Had some plans for the evening that may be abandoned if the snow keeps falling, as I really don't feel like driving more than necessary. And I'm in this bizarre wanting-to-clean mood that I should probably take advantage of before it goes away. It may be shot by the end of the workday because by then I'm usually pretty mentally exhausted and all I want to do is be a stalk of celery, or possibly a sofa tuber.
Cleaning. How rebellious.
It's not just cleaning, really. It's an archaeological expedition, loooking back into a period of history that has a special significance for me. It'd digging through the detritus of the past, sloughing off the dirt and decay, and seeing a slice of a past life, a past time, trying to imagine how it was, what it was like back then, and why these objects had special meaning to their owner. Sometimes there are real gems. Most often I wonder why anybody would hold onto some of this crap, whether it was some sort of mental illness that caused someone to think that this thing actually had any value.

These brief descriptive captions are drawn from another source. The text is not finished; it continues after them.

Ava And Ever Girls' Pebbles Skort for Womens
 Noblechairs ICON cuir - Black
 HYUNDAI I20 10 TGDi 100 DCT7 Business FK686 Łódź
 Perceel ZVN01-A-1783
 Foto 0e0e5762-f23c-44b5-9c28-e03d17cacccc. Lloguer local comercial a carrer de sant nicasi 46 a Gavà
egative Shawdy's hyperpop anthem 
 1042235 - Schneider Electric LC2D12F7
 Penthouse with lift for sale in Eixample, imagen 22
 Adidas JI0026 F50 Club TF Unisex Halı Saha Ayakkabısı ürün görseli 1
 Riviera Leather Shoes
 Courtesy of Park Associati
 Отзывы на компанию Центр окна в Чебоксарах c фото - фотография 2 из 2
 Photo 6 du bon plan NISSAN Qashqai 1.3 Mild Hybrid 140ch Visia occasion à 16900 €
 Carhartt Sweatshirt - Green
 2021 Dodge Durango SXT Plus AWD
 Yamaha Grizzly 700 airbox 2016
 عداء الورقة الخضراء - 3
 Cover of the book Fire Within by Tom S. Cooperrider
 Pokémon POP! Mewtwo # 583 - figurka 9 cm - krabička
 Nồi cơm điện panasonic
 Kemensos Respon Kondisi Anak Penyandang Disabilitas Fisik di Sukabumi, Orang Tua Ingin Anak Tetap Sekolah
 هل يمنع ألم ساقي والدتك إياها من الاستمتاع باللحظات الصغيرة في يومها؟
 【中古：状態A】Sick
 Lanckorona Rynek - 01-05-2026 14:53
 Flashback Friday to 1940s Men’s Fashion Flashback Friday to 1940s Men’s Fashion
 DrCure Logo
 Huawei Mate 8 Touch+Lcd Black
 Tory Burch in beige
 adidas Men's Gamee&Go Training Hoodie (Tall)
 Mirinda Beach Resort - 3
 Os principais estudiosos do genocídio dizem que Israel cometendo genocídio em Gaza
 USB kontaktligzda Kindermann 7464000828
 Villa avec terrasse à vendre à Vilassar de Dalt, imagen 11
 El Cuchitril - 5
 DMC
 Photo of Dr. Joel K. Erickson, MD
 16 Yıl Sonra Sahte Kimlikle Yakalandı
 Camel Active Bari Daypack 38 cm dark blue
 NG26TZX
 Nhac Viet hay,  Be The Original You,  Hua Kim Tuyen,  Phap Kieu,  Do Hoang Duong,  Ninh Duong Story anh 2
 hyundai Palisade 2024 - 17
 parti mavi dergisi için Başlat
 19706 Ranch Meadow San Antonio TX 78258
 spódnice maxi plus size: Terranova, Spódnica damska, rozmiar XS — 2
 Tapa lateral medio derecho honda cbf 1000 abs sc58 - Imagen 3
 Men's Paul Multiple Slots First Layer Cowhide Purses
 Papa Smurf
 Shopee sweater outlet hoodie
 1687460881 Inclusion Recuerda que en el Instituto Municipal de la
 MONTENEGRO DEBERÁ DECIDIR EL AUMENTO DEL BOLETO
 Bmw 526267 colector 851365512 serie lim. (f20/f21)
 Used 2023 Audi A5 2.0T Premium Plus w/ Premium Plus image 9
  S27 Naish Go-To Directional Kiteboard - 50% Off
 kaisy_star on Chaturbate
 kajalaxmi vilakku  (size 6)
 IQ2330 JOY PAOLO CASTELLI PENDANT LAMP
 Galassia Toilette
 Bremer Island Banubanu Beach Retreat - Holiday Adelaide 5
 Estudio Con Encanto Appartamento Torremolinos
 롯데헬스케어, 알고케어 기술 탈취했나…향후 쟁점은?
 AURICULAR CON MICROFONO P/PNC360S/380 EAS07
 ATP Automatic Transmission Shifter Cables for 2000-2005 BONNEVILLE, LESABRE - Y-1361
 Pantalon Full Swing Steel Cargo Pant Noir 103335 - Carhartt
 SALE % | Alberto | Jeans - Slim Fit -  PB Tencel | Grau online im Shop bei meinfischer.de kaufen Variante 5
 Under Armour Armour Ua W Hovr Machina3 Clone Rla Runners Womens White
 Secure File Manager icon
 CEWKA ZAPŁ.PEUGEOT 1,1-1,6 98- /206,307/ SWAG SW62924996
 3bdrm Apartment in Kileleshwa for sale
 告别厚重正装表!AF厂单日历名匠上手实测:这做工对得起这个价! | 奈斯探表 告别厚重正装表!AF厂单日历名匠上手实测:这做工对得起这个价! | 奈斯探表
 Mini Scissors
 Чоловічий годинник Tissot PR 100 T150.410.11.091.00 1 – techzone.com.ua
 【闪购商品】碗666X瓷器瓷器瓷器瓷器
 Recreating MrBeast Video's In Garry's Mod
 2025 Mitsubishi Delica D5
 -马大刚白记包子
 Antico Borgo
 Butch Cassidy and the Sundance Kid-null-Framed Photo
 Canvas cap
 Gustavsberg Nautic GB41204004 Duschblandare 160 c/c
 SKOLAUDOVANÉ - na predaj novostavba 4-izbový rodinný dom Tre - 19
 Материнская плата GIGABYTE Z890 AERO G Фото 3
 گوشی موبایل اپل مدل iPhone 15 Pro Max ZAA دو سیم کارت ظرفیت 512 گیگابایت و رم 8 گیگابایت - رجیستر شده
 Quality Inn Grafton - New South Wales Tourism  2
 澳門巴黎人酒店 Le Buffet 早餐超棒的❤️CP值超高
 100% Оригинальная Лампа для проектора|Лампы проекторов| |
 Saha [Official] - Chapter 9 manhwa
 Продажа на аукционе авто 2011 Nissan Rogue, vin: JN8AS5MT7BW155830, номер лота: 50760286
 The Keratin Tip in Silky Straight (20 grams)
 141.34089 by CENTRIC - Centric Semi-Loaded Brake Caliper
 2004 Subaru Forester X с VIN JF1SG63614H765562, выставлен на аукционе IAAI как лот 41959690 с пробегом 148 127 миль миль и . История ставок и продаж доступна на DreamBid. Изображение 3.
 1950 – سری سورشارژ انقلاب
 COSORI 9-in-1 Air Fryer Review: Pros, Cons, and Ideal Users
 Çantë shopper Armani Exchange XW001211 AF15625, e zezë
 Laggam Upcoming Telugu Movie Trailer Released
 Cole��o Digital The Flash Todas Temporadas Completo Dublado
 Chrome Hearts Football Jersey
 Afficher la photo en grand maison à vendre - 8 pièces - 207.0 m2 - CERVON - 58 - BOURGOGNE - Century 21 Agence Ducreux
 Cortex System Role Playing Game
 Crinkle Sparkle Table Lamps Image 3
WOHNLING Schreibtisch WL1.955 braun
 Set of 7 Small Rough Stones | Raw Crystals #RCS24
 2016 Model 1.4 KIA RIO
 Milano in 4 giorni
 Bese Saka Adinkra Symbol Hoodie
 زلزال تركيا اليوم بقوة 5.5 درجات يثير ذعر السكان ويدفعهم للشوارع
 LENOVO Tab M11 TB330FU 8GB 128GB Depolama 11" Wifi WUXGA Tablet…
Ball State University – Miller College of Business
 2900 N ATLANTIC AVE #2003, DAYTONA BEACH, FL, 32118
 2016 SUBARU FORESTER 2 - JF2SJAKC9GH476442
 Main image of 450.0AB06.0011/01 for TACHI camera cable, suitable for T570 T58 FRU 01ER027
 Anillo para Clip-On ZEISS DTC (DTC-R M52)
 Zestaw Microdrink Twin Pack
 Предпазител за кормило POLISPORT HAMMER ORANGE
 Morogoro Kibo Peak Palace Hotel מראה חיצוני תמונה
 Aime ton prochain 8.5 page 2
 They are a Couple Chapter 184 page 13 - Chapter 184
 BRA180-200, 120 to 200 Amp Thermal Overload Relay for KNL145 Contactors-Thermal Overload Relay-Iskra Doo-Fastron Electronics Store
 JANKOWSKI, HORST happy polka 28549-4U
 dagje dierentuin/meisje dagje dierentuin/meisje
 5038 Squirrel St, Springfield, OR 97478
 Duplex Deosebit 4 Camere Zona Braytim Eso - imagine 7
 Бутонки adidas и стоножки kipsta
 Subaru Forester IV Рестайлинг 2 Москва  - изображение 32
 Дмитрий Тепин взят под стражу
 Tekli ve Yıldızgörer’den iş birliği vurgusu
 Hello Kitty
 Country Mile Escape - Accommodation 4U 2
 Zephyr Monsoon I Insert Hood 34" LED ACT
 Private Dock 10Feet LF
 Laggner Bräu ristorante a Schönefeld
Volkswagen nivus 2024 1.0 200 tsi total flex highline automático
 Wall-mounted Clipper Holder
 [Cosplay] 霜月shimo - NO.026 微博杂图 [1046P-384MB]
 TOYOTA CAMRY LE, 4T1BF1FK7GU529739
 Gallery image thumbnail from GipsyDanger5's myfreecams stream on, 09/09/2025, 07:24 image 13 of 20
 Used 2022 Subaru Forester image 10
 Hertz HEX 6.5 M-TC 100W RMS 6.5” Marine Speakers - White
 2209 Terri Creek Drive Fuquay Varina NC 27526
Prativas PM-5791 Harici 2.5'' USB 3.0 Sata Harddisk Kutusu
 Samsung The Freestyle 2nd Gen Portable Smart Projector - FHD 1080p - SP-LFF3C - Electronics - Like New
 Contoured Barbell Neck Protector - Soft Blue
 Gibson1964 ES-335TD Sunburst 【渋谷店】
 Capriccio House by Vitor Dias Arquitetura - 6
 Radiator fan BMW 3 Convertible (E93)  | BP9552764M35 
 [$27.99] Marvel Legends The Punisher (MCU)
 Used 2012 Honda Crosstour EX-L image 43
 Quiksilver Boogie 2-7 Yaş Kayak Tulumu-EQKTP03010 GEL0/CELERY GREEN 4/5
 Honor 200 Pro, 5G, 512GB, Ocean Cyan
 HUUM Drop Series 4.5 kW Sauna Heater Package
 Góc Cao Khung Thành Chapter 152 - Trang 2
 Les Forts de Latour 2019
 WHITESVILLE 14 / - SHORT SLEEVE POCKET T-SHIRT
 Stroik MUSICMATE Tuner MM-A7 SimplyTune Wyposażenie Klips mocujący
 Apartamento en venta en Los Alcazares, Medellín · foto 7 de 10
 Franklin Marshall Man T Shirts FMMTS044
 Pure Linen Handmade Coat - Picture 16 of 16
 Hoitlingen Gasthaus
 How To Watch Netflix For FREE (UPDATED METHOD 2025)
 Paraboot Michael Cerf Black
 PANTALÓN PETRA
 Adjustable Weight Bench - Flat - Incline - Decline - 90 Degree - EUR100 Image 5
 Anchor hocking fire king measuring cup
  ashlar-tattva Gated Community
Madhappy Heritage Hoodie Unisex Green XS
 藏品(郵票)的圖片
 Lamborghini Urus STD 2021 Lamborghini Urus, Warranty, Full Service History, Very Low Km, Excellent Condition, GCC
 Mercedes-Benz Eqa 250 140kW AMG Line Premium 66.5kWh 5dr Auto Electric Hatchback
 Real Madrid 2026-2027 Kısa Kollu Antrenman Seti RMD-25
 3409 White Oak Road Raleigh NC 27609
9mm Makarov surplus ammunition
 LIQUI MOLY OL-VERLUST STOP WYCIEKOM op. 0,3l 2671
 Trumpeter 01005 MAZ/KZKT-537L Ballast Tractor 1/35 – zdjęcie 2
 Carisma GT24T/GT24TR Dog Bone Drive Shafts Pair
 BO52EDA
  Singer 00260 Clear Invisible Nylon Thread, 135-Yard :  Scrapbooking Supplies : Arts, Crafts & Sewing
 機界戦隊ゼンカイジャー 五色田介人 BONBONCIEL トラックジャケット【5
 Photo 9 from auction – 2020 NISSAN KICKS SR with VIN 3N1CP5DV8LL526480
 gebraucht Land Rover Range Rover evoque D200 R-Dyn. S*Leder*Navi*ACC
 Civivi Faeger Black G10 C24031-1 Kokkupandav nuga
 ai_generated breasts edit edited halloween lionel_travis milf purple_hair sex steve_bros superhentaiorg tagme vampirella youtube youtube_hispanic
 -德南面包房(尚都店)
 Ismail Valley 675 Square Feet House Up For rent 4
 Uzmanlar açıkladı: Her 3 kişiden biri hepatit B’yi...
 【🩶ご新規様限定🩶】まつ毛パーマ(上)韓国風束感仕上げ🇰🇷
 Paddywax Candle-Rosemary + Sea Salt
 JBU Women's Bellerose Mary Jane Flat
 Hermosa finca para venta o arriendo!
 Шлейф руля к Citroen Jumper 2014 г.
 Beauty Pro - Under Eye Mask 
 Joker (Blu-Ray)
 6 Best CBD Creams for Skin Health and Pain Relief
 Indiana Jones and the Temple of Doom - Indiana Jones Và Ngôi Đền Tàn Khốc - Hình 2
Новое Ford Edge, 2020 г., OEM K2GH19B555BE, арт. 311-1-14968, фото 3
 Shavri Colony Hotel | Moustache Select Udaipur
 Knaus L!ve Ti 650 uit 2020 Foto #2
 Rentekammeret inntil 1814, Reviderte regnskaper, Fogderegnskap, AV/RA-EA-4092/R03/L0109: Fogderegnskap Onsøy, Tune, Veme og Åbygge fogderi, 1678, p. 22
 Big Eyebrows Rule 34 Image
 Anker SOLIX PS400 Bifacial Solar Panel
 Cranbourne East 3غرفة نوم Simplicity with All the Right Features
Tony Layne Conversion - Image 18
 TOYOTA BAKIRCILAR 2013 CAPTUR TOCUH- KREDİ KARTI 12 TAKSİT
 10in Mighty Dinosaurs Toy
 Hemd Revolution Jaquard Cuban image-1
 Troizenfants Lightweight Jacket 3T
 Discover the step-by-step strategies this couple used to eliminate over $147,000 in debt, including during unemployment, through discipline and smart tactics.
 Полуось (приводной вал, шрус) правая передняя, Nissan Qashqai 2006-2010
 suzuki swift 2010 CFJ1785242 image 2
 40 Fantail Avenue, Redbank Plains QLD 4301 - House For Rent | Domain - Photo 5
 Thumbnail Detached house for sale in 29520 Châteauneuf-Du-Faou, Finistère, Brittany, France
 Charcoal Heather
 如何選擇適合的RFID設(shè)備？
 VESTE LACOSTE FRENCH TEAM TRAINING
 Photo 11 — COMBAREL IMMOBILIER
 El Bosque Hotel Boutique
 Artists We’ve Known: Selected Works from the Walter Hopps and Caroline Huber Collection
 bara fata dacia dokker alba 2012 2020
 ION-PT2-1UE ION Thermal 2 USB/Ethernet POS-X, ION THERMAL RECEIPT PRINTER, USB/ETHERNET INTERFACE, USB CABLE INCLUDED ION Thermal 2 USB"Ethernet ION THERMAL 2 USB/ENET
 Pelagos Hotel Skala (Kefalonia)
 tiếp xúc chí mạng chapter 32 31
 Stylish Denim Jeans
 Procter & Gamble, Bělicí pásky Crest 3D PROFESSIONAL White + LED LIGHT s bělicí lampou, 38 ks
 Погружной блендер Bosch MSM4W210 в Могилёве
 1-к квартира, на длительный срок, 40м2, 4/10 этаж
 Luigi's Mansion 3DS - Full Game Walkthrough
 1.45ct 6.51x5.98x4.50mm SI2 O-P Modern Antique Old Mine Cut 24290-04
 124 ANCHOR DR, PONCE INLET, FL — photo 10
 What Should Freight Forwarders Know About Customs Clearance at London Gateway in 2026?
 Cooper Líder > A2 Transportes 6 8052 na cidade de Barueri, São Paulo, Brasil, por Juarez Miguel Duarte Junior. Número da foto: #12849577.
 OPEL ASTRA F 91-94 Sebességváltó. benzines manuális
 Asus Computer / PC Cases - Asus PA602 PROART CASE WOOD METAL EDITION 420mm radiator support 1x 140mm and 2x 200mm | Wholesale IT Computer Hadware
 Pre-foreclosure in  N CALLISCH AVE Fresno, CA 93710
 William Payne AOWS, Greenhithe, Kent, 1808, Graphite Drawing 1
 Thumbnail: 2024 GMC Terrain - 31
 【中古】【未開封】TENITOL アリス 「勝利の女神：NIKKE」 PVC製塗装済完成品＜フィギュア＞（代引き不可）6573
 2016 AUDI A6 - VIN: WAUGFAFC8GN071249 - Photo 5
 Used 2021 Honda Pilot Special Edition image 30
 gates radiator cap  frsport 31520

I have tunes with me today. It's very possible that my attitudinal adjustment is partly due to being in soundtrack mode, headphones on, ignoring the outside world. I'm okay with that. It makes the tedious work of mapping source code a whole lot more palatable. It also brings the closeness of music and movies together, the visual quality of the music bringing the emotional coverage to the scene. It's downright inspirational.
Snow is pissing me off. I'm gonna have to burn time shoveling, or snowblowing. This shit was almost entirely gone yesterday.